%%

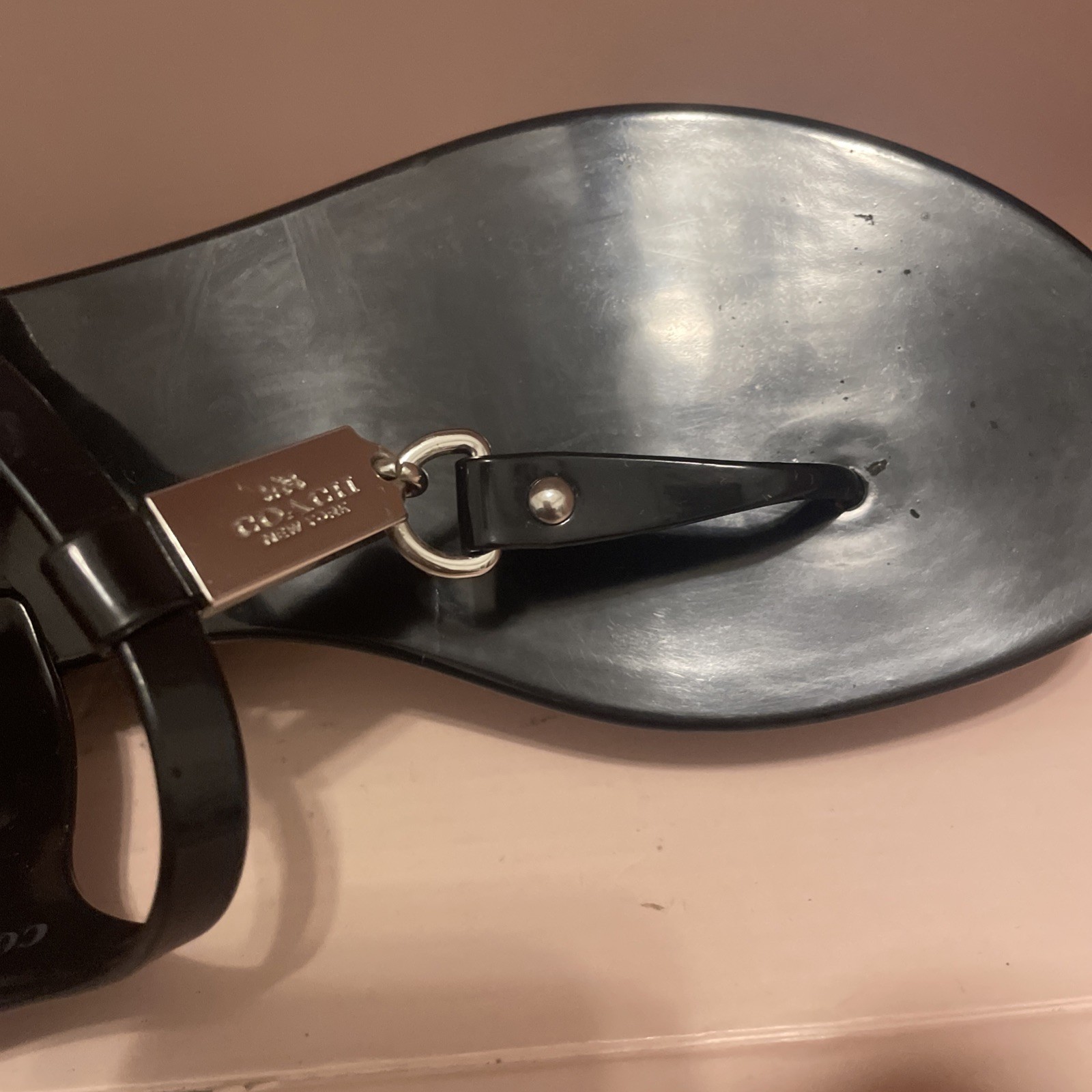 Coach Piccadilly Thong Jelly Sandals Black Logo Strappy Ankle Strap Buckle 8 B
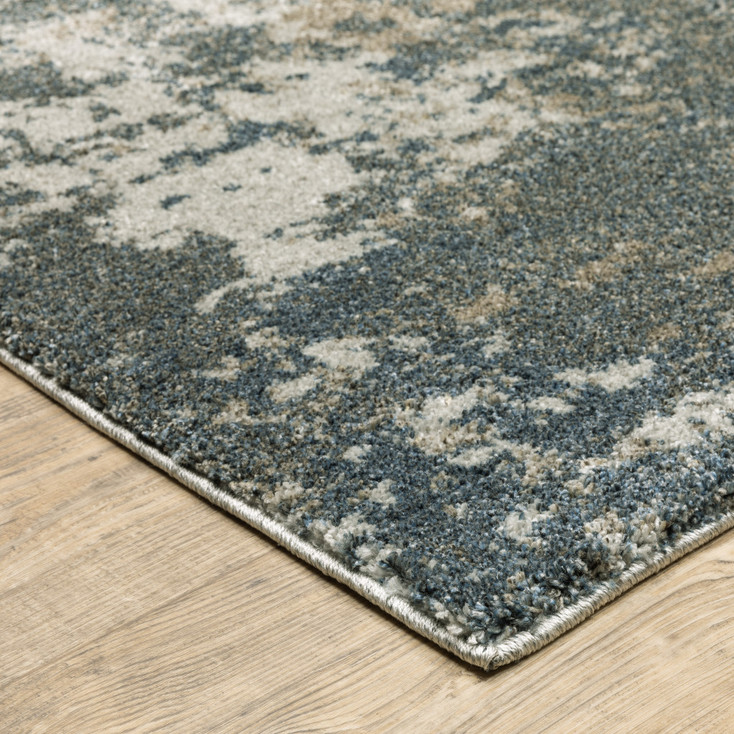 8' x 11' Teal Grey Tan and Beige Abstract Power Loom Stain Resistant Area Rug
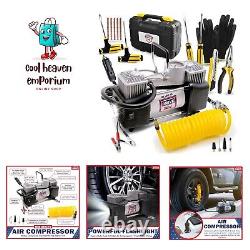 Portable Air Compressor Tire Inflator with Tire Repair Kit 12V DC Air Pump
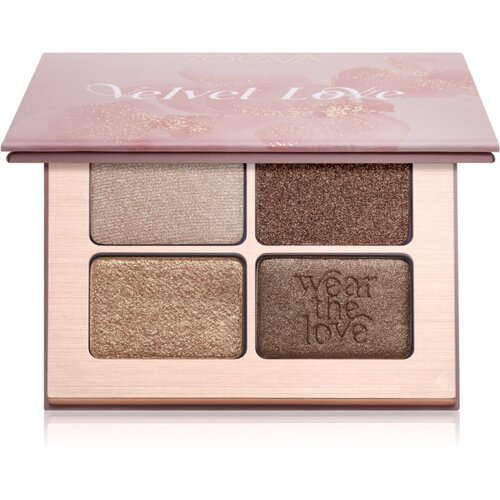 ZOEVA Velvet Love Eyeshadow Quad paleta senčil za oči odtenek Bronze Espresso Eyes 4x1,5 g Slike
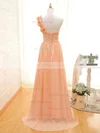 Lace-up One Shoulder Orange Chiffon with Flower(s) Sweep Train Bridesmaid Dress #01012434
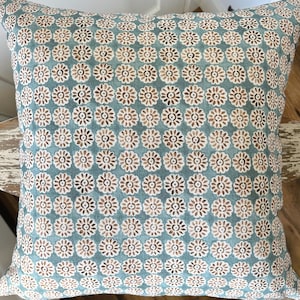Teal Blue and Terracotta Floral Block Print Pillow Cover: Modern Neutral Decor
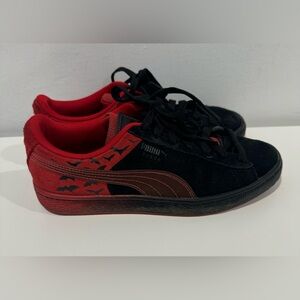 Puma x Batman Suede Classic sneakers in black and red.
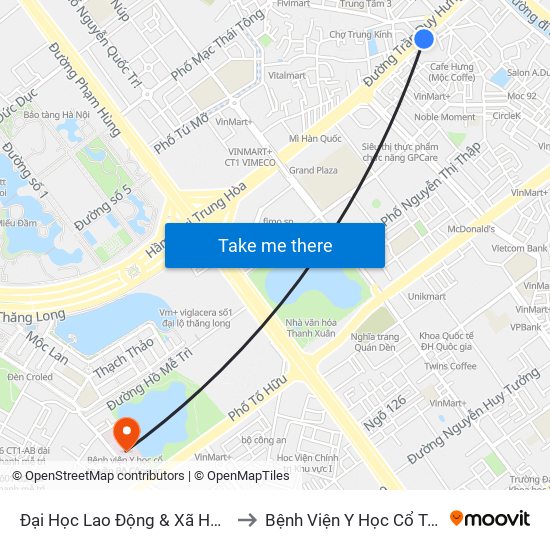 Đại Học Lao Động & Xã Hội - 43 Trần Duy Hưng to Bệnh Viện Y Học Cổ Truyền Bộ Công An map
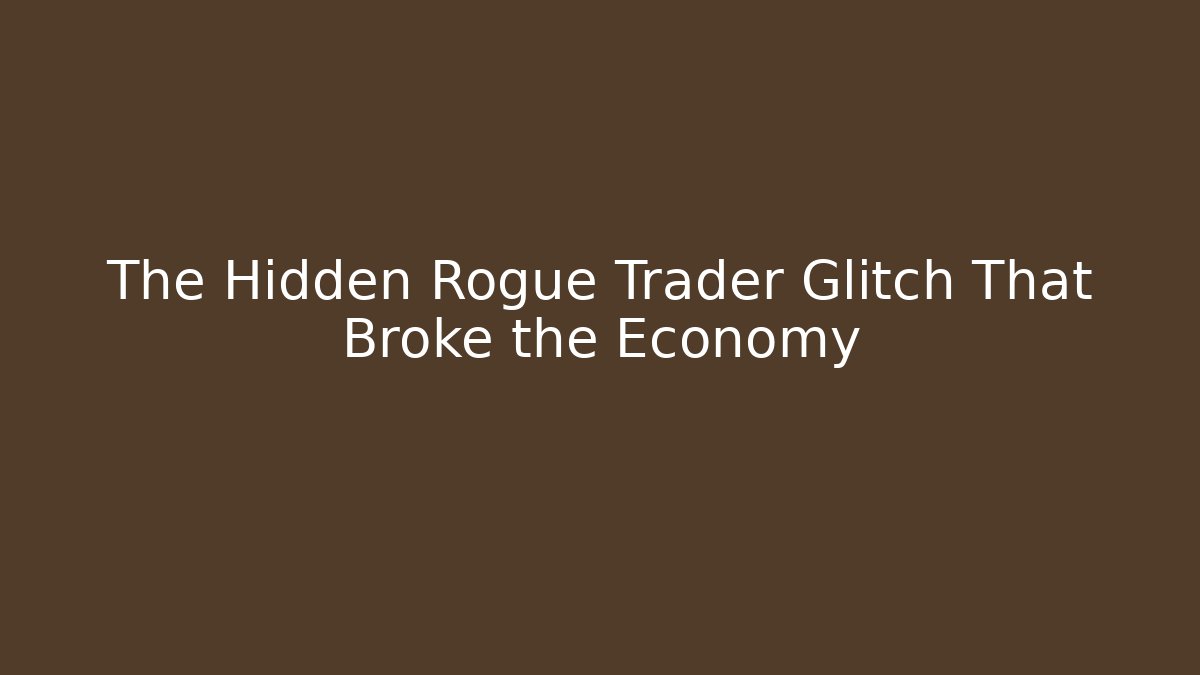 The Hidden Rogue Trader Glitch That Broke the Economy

%%

Print exactly the lines from the line with "Teal Blue and" through the end of the data, both ends included, and print no pictures.

● EXERCISE RESULT
Teal Blue and Terracotta Floral Block Print Pillow Cover: Modern Neutral Decor
 Puma x Batman Suede Classic sneakers in black and red.
 Đại Học Lao Động & Xã Hội - 43 Trần Duy Hưng to Bệnh Viện Y Học Cổ Truyền Bộ Công An map
 The Hidden Rogue Trader Glitch That Broke the Economy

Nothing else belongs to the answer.